December 4, 2021

SASB Standards Board Issues Updates to Coal Operations, Metals & Mining and Asset Management Industry Standards

Jeff Hales

Today, the SASB Standards Board published its first set of revised SASB Standards. The revisions focus on three industries: the Metals & Mining; Coal Operations; and Asset Management & Custody Activities industries. These revisions expand the disclosures topics included in two of the industries (Metals & Mining and Coal Operations) and narrow the disclosure topics included in the third (Asset Management & Custody Activities). While the changes are important for their substance, these changes are particularly notable because of what they represent. Some might frame it as change, others as evolution. I see it as stewardship.

When the SASB Standards were launched in late 2018, that event marketed the culmination of six years of work and extensive market engagement. The end result, while reflective of responding to market demands, wasn’t an artistic achievement analogous to publishing a novel or completing a commissioned work of art. Instead, a more apt analogy would be to property development or landscaping. Whether building a home or planting a garden, that work is never “done”, at least not to the point where the home or garden can be neglected indefinitely. Similarly, the launch of the SASB Standards in 2018 was as much the start of the SASB Standards Board’s work as it was a completion or culmination.

Since that time, the world has moved on. Awareness of sustainability issues have evolved, events have occurred (sometimes tragically so), and the use of SASB Standards in the marketplace has grown exponentially. All of this has created opportunities for the Standards Board to cultivate improvements to the SASB Standards. This is especially so because the SASB Standards are tailored to 77 industries. Not all sustainability issues matter equally to each industry, and the same sustainability issue can manifest differently across industries, hence the industry-specific approach. Maintaining 77 industry standards undoubtedly adds to the complexity of standard setting. One-size-fits-all approaches might be convenient to develop, but could come at the expense of poor fit. That said, the flipside of the complexity that comes with industry standards is that improvements can be addressed in a more targeted fashion. Let me offer an example.

Just over 100 days after the Standards Board voted to codify the SASB Standards, a tailings storage facility Brumadinho, Brazil collapsed killing more than 250 individuals and causing extensive environmental damage. In response to the disaster, investors came together to form the Investor Mining and Tailings Safety Initiative and directly asked extractives companies to be more transparent in their management of tailing facilities. The Brumadinho disaster also lead the International Council on Metals and Mining to partner with the United Nations Environment Program and the Principles for Responsible Investment to convene the Global Tailing Review, which developed the Global Industry Standard on Tailings Management, which is intended for tailings facilities operators.

With the increased calls from investors for improved transparency on tailings management and the industry efforts to raise the bar on tailings facility management, the Standards Board saw an opportunity to improve the coverage of this issue in the two industries where tailings facilities are commonly used and voted to initiate a related standard-setting project in December 2019. Throughout this standard setting project, technical staff followed and engaged with these investor and industry developments. Informed by this engagement and other outreach, the staff proposed expanding the coverage of tailings management in these two industry standards.

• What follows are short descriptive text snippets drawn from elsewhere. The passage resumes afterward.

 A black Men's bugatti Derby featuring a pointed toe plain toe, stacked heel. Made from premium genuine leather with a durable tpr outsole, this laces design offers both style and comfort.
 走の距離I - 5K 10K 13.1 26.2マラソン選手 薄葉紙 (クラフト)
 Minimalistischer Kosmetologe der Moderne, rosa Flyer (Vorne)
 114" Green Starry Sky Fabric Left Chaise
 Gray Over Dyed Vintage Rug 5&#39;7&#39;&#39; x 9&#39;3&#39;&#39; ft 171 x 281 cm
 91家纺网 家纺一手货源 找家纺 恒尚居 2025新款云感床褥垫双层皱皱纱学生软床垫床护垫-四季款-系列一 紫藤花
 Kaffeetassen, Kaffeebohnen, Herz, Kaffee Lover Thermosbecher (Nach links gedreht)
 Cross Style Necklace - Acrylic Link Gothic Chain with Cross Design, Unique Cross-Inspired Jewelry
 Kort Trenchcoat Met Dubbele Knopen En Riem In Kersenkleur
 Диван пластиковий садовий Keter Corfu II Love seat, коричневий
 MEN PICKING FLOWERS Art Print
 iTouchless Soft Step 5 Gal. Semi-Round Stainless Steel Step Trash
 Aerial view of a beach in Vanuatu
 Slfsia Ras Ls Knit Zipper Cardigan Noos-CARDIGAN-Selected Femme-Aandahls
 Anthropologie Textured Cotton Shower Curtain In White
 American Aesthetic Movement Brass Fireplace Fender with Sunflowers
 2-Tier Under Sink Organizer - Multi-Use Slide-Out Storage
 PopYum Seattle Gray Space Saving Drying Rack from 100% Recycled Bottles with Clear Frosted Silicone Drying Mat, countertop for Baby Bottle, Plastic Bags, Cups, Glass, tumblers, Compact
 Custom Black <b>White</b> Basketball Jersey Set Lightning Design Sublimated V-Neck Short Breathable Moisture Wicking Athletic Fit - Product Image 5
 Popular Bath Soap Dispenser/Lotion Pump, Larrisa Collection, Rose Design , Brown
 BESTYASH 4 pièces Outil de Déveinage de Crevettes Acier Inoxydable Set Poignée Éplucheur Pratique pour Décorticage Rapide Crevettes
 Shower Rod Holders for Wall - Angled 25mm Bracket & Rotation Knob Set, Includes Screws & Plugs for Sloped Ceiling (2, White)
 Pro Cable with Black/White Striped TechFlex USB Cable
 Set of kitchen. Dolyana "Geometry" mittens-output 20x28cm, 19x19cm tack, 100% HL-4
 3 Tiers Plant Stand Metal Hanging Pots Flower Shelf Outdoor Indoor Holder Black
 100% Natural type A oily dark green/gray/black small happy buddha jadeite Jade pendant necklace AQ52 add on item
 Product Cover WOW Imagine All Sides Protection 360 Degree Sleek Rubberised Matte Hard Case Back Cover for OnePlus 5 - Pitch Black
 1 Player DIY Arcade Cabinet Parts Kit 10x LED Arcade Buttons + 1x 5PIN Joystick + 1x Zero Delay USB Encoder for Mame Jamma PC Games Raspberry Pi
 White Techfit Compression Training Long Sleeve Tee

More specifically, an inventory of tailings storage facilities was already covered in the previous version of the standards under the Waste & Hazardous Materials Management disclosure topic. In the revised standards, tailings storage facilities management is its own disclosure topic, and it now addresses not only an expanded inventory of tailings storage facilities, but also systems and failure-prevention strategies as well as emergency preparedness and response plans.

Taking a step back from the details of these changes, I want to note that, if the SASB Standards had published as a series of essays, written in ink and then forgotten, or if they had written as very high level waste management or disaster preparedness guidance, agnostic of the rich context that can come by linking closely to business practices common in a given industry, then the tragedy in Brumadinho might have passed without implication for the Standards. Instead, it has resulted in revised – and we believe improved – Standards that better capture the connection between the impacts of company operations and the implications for enterprise value creation.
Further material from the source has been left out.